A recent analysis of fossils recovered in the 1990s in the village of Nikiti in northern Greece supports the controversial idea that apes, the ancestors of humans, evolved in Southeastern Europe instead of Africa.
The 8 or 9-million-year-old fossils had first been linked to the extinct ape called Ouranopithecus.
However, a team led by David Begun from the University of Toronto’s Department of Anthropology has recently analyzed the remains and determined that they likely belonged to a male animal from a potentially new species.
By inspecting the upper and lower jaw of the ancient European ape, the team suggested that humanity’s forebears may have evolved in Europe before migrating to Africa, potentially upending a scientific consensus that has stood since Darwin’s day.

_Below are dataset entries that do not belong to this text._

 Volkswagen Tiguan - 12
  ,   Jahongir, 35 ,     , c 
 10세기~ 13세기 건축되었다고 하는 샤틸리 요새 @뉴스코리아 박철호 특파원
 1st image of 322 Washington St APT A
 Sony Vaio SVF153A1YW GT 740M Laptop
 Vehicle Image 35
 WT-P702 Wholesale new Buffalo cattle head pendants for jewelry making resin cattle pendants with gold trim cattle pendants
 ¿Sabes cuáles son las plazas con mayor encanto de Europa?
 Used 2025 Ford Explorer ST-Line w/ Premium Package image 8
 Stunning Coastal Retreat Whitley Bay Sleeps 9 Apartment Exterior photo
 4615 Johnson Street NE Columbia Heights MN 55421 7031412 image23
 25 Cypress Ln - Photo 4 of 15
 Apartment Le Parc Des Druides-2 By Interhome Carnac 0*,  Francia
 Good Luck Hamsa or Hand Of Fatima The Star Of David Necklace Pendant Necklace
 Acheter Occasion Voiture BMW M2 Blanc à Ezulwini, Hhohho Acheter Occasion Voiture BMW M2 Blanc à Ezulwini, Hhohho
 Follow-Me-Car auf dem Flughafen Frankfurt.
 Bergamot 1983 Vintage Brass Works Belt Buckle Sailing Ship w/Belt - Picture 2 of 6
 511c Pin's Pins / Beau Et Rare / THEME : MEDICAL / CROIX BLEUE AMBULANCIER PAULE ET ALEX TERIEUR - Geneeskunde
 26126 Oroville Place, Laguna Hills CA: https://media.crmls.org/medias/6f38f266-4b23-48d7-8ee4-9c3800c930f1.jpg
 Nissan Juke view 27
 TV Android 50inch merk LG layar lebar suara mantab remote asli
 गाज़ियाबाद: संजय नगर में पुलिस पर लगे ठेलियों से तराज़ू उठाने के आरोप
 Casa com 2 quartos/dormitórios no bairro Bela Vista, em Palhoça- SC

In 1871, Darwin proposed that all hominins, including both modern and extinct humans, descended from a group in Africa. This is the most widely accepted theory today.
Fossils in Greece belong to human ancestors
On the other hand, Darwin also speculated that hominins could also have originated in Europe, where fossils of large apes had already been discovered. The new analysis supports this theory.
While Begun does not believe the ape in Greece was a hominin, he speculates that it could represent the group from which hominins directly evolved.
The research team led by Begun had determined in 2017 that a 7.2-million-year-old ape called Graecopithecus, which also lived in what is now Greece, could be a hominin.
In this case, the 8-million to 9-million-year-old Nikiti ape would have directly preceded the first hominin, Graecopithecus, before hominins migrated to Africa seven million years ago.
According to a report in the journal New Scientist, Begun foresees that this new concept will be rejected by many experts who believe in African hominin origins, but he hopes that the new scenario will at least be considered.
Begun points out that Southeastern Europe was once occupied by the ancestors of animals such as the giraffe and rhino. “It’s widely agreed that this was the found fauna of most of what we see in Africa today,” he told New Scientist. “If the antelopes and giraffes could get into Africa 7 million years ago, why not the apes?”
Not all anthropologists agree with Begun and his team’s conclusions. As noted by New Scientist, the Nikiti ape may be completely unrelated to hominins. It may have evolved similar features independently, developing teeth to eat similar foods or chew similarly to early hominins.